Chapter History

In late 2021, the AAUP-FM Executive Committee compiled an early history of the chapter. We intend to add additional sections to include more recent history.

AAUP-FM Chapter Beginnings (1991 to 2002)

Founded in 1970 as a teaching college, Francis Marion University (FMU) became a public four-year liberal Arts institution in 1992, serving the Pee Dee and Northeastern regions of South Carolina. The faculty established its AAUP chapter in 1991, a move not viewed favorably by the administration, and then-President Thomas Stanton forbade the chapter initially to meet on campus. President Stanton fired a provost popular with the faculty, causing a controversy which led AAUP-FM and other faculty members to form a faculty senate in 1994 – 1995.

When President Stanton retired in 1994, Dr. Lee Vickers was selected to serve as president, despite faculty opposition. President Vickers provoked further tensions with the faculty when he refused to review the issue of the provost’s firing and responded by initiating questionable policy changes surrounding tenure, faculty oversight, and post-tenure review. The rift between the administration and the faculty grew when President Vickers announced a restructuring plan, creating two new schools and appointing new department chairs without engaging the faculty in meaningful consultations.

Between 1994 and 1996, a series of conflicts ensued between the FMU administration and faculty, which resulted in a faculty vote of no-confidence directed towards President Vickers that called into question his administrative and budgetary policies. In response, the president attempted to dismantle the Faculty Senate. He found support from the FMU Board of Trustees, the local business community, and some members of the faculty. Some faculty members who spoke out against the president’s actions were vilified in the press. As morale fell, many faculty members left Francis Marion, taking jobs at other universities, retiring early, or leaving academia altogether. Those who stayed kept pushing for reform and called on AAUP national to intervene.

In 1996, after reviewing extensive documentation, an AAUP investigating committee visited campus. The report from this visit was shared in the May-June 1997 issue of Academe, the association’s journal. The committee determined that the FMU administration had grossly bypassed generally accepted shared governance practices. In addition, the FMU Board of Trustees were culpable for not attempting to heal the rift between the president and faculty members. Due to this 1997 report, the AAUP placed Francis Marion on the AAUP list of institutions sanctioned for infringement of governance standards.

The Vickers administration was questioned further in 1998, when the South Carolina legislature audited the university. The audit report revealed that the FMU governance system had been dysfunctional, that financial policies had not been followed, and that funds had been misused. The SC legislature also expressed concerns about sharply declining enrollment.

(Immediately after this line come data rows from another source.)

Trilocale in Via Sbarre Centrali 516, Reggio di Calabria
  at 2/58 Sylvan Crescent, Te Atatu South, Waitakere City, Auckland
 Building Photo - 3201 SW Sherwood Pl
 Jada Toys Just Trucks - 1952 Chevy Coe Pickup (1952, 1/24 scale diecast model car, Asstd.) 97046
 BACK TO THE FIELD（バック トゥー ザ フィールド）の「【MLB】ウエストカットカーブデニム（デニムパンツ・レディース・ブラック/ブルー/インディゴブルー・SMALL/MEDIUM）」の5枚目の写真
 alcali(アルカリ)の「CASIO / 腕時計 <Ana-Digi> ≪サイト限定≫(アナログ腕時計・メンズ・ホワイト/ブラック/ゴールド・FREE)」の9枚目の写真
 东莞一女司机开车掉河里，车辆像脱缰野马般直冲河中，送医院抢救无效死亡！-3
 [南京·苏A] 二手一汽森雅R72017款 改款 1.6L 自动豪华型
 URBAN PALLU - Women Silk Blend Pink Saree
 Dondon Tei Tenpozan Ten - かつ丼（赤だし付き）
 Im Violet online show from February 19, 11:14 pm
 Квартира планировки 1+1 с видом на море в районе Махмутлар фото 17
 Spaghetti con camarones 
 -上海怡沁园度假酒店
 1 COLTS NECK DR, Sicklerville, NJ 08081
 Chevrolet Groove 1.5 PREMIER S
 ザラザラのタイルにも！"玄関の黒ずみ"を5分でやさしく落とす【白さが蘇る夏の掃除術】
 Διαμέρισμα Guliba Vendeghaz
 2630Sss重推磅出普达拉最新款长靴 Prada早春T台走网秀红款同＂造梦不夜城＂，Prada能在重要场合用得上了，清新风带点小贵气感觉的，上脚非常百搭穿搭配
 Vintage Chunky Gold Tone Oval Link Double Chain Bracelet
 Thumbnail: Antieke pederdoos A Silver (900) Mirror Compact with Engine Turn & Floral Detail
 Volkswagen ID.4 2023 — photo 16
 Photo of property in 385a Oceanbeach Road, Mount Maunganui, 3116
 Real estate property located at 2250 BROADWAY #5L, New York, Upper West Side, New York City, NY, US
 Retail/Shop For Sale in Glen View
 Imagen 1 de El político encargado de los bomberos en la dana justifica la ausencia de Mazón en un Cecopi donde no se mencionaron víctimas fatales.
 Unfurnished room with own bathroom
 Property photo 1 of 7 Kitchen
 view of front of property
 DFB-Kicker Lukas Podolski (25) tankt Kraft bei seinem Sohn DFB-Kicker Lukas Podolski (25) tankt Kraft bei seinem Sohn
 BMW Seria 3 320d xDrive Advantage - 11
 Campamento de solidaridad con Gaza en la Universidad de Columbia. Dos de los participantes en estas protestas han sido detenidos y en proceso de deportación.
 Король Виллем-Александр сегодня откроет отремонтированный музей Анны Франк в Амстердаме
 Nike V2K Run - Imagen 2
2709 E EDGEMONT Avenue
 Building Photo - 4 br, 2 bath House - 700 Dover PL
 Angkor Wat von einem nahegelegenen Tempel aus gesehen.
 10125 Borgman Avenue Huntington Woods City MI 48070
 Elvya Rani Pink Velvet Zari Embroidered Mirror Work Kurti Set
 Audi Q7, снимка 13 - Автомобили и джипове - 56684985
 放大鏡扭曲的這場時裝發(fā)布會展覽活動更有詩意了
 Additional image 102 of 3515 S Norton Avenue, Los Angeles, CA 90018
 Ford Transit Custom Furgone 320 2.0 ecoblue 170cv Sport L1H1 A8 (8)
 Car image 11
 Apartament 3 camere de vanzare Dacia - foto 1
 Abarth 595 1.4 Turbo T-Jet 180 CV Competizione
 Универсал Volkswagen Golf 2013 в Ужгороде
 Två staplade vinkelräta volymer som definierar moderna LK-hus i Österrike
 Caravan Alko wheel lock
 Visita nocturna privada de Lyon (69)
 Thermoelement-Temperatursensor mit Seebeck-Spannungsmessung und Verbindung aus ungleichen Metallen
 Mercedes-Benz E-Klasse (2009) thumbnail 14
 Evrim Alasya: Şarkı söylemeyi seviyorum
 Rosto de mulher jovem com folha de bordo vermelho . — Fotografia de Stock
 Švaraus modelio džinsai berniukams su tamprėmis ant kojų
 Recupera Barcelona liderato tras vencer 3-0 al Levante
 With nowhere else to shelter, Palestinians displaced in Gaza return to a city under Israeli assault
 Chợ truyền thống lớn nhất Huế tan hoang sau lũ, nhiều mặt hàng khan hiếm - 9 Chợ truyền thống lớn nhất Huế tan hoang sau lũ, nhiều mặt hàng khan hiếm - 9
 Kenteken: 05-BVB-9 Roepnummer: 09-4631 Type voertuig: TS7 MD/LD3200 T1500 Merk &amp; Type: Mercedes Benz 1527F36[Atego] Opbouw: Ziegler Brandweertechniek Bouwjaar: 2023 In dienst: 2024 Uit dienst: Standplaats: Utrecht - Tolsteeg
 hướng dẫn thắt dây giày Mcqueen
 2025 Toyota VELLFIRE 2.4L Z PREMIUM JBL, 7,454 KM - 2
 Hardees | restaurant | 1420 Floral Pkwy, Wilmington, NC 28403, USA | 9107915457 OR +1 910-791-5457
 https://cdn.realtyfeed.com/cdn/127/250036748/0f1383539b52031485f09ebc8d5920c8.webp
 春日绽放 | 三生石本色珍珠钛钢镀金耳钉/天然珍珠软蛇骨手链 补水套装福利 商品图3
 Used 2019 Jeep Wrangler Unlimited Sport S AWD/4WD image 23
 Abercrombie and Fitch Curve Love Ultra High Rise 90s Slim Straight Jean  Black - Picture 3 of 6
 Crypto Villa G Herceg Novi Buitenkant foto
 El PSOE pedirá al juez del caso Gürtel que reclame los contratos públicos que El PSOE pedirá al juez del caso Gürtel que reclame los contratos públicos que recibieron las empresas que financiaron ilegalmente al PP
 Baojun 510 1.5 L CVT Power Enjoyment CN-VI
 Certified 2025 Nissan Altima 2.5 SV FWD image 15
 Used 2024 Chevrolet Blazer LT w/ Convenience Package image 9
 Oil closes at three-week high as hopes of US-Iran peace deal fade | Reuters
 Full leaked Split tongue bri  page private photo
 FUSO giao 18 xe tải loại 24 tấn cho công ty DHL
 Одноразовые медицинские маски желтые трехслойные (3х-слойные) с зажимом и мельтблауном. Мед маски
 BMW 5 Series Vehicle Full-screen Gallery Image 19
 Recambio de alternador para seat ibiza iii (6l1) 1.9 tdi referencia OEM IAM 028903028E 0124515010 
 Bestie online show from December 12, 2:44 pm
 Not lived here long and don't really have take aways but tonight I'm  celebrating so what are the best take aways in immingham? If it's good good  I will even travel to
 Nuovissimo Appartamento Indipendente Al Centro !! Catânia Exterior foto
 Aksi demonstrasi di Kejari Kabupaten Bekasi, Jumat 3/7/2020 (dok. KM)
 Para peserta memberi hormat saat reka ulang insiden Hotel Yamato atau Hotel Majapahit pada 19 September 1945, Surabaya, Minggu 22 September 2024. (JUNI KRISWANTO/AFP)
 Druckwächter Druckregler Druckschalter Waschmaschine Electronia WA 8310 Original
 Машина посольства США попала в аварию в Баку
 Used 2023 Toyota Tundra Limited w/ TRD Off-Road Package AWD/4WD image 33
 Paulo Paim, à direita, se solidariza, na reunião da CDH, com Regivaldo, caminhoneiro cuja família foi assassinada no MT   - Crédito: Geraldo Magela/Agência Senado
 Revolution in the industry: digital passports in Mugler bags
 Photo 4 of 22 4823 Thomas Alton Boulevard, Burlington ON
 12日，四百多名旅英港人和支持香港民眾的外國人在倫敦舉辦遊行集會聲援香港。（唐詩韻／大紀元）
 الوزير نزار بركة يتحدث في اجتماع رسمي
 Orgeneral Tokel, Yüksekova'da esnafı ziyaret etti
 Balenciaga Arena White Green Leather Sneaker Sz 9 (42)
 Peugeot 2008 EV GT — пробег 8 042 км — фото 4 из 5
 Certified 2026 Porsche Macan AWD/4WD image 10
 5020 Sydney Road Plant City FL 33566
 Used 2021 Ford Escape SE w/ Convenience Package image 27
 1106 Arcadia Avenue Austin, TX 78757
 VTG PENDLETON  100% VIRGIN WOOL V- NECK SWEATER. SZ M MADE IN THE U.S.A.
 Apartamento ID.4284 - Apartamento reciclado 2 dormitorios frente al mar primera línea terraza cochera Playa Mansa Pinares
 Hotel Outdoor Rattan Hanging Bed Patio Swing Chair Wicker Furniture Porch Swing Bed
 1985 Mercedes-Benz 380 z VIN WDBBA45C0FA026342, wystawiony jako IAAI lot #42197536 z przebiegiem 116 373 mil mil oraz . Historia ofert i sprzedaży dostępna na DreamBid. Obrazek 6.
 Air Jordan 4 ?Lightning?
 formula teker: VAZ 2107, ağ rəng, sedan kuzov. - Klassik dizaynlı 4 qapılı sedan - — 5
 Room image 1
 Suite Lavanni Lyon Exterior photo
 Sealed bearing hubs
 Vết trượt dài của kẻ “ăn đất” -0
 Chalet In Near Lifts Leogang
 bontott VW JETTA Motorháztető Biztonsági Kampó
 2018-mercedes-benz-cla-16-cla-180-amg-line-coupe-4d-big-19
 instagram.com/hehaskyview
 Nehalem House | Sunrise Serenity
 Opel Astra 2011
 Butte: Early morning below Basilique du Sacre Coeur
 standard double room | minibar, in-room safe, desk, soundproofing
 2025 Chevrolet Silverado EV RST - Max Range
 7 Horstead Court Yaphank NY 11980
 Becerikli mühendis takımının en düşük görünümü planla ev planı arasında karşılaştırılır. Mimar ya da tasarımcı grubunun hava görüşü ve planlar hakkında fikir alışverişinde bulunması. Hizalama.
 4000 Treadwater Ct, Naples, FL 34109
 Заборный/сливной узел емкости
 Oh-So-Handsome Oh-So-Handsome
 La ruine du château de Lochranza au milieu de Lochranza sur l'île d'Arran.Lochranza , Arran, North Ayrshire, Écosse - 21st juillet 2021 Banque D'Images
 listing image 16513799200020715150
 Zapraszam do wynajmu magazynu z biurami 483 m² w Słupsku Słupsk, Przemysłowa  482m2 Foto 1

Soon after the legislative audit, changes were initiated that allowed FMU to operate more functionally. The Board of Trustees was restructured, and it elected Dr. L. Fred Carter as president in 1999. President Carter, with an extensive background in university teaching, administration, and state government, strongly supported an overhaul of the faculty governance system and became a leading advocate for faculty concerns. Recognizing the changes underway at FMU under its new president, AAUP national delegates voted in 2000 to remove the sanctions against FMU.

To ensure continuing structures for shared governance, Dr. Charlene Wages, newly elected chair of the faculty, led an effort to create Francis Marion’s Constitution of the Faculty and Bylaws of the Faculty Senate. This document was ratified by the faculty in 2001. Dr. Wages, with AAUP-FM members including AAUP-FM president Dr. Dwayne P. Meyers and taskforce chair Dr. Lorraine de Montzulin, collaborated on the Faculty Handbook, which aligns with the AAUP’s Redbook principles. Since its publication in 2001, Francis Marion’s Faculty Handbook has become a model for other academic institutions.

FMU’s profound change in institutional culture has garnered national attention and continues to strongly influence higher education in the state and region. In 2002, upon nomination by the AAUP-FM executive committee, President Carter received the AAUP’s national Ralph S. Brown Award for Outstanding Service to Shared Governance. Since then, AAUP-FM has continued to recognize outstanding leadership by honoring a faculty member each year with the Charlene Wages Shared Governance Award.

Sources for this early chapter history include “Francis Marion University: A Governance Success Story: An Interview with Lorraine de Montluzin, AAUP leader and campus activist” by Iris F. Molotsky (a PDF saved from a now-unpublished 2000 AAUP web text) and a letter written in 2001-2002 by the AAUP-FM executive committee to nominate Fred Carter for the Brown Governance Award.